Dr. Earle is one of the leading figures of ocean exploration and conservation and we touched on a great many subjects in our interview. Here is a segment that addressed the need for education and also an important perspective regarding the taking of seafood.
I found her viewpoint in comparing seafood to "bushmeat" very enlightening. I've always said we rely on raising cattle and poultry as a way to feed the masses and Sylvia backs that up with the idea that we long ago realized that simply taking wild terrestrial animals (bushmeat) would not work, that it could not be sustained.

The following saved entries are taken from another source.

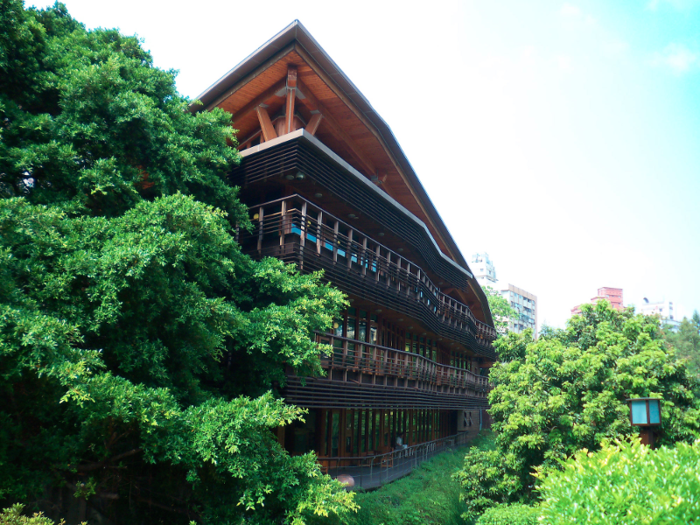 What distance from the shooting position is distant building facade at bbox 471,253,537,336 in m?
99.0

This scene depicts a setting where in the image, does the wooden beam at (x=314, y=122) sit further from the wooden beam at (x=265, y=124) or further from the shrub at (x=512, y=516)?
the shrub at (x=512, y=516)

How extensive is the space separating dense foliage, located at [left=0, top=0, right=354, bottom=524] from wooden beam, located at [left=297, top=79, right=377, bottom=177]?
4.90 metres

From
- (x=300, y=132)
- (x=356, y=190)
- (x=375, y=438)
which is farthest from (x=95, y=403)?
(x=375, y=438)

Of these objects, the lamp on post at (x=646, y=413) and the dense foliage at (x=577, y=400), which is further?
the dense foliage at (x=577, y=400)

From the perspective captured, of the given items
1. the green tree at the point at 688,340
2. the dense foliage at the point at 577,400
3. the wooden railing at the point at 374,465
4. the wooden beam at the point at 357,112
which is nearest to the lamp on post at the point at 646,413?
the dense foliage at the point at 577,400

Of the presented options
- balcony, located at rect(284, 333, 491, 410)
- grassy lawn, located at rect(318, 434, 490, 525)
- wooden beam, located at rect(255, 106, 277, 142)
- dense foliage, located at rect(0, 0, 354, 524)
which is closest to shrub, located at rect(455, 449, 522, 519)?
grassy lawn, located at rect(318, 434, 490, 525)

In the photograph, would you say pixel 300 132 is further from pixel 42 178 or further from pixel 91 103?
pixel 42 178

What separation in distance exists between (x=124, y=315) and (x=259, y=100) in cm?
1013

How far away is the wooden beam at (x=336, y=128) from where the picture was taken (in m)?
15.3

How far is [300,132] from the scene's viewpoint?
40.5ft

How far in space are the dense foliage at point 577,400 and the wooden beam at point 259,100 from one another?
10.6m

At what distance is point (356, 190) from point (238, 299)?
5934 mm

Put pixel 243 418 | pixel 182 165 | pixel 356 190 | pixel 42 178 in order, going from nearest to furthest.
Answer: pixel 243 418, pixel 42 178, pixel 182 165, pixel 356 190

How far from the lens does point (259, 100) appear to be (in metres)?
15.8
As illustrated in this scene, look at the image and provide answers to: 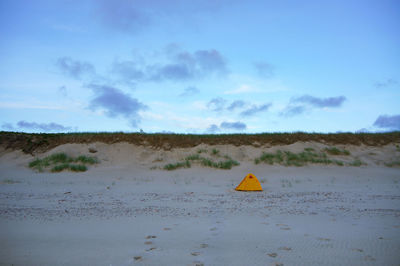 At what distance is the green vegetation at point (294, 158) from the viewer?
13.3m

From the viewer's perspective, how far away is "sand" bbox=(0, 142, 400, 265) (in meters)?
3.53

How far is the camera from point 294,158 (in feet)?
45.2

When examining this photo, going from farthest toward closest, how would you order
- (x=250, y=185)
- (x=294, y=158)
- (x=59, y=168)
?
(x=294, y=158), (x=59, y=168), (x=250, y=185)

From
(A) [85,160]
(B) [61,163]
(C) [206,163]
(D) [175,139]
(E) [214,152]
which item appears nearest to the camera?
(C) [206,163]

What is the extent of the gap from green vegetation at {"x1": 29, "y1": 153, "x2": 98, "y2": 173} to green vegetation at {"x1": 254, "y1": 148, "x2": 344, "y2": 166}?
7712 millimetres

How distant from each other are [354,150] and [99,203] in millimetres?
13597

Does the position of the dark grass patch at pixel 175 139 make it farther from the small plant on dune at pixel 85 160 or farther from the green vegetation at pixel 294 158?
the small plant on dune at pixel 85 160

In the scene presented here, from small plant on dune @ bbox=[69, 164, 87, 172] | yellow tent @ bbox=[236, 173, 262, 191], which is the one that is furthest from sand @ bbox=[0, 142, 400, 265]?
small plant on dune @ bbox=[69, 164, 87, 172]

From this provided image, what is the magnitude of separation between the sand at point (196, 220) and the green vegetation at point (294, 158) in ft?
5.53

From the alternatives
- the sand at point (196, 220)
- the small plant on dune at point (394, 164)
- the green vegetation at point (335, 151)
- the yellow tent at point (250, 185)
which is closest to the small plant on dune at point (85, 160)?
the sand at point (196, 220)

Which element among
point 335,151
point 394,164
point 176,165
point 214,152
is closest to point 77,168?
point 176,165

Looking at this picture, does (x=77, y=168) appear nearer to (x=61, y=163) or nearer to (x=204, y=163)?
(x=61, y=163)

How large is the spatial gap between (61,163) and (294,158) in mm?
10592

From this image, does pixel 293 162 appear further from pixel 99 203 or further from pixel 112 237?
pixel 112 237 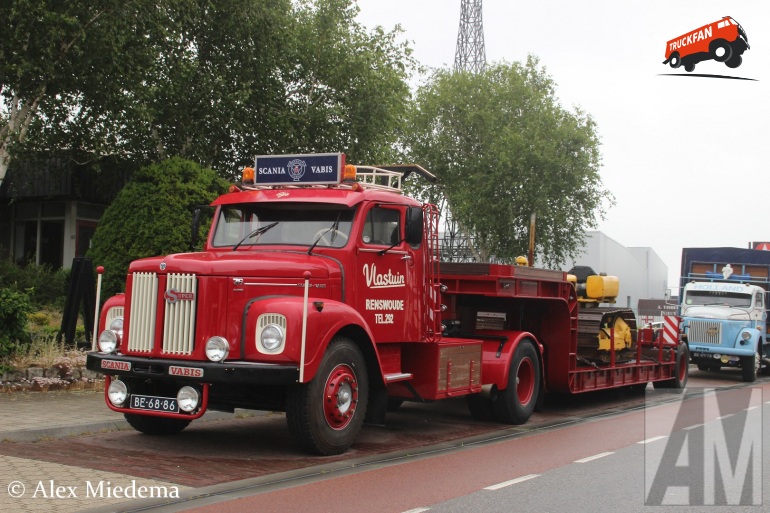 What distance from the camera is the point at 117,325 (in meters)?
9.29

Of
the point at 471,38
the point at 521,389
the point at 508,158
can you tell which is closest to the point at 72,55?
the point at 521,389

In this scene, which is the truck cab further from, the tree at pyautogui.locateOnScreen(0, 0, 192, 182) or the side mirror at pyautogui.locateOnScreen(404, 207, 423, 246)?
the tree at pyautogui.locateOnScreen(0, 0, 192, 182)

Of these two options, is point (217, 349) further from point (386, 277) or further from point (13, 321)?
point (13, 321)

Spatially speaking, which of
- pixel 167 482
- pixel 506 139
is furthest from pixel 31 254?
pixel 506 139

But that is exactly what we do with the ocean's bounty - and it is a very limited bounty, limited in the sense that it was never meant to feed the human population. That is why I have always been a supporter of aquaculture or aquafarming, recognizing that there are significant challenges that need to be addressed regarding the practice but convinced that the ultimate future of seafood harvesting will need to come from these controlled methods.
I have had the pleasure of meeting with Dr. Earle and her staff on several occasions and let me tell you, she is one busy person. As explorer-in-residence with the National Geographic Society, she works 24/7 with major ocean conservation organizations and with the prominent decision-makers to help shape the future of our oceans.
It must be frustrating at times because the bureaucratic wheels can seem to turn so slowly. But I take heart in something I read recently in TIME magazine regarding political decision-making and the control of power. In an article about FDR, David Kennedy wrote,
"As the historian Henry Adams wrote, the greatest fear 'was power; not merely power in the hands of a president or a prince, of one assembly or several, of many citizens or a few, but power in the abstract, wherever it existed and under whatever form it was known.' That's why the framers of the Constitution constructed a political order based on 'checks and balances.' That arrangement has conspicuous virtues, but it also designs a measure of paralysis into the American political system. It impedes swift adjustment to changing economic and social realities. It sustains a chronic deadlock in which trauma and shock become necessary preconditions for effective political action. To a degree not found in other political cultures, it forges a perverse partnership between danger and opportunity."
Okay, in essence, it is saying that our political bureaucracy is structured to prevent the concentration of power and avoid knee-jerk reactions. And that's a good thing. Maddening, but a good thing. Particularly if we wait for environmental "trauma and shock" to elicit a political response, we know that it won't be an isolated event but a harbinger of many more, catastrophic events.
That's why we must persevere with both generating broader public awareness and motivating our leaders to act. Enough "events" have already occurred, there is enough evidence, enough data needed to act; we don't need to wait for the roof to cave in on us.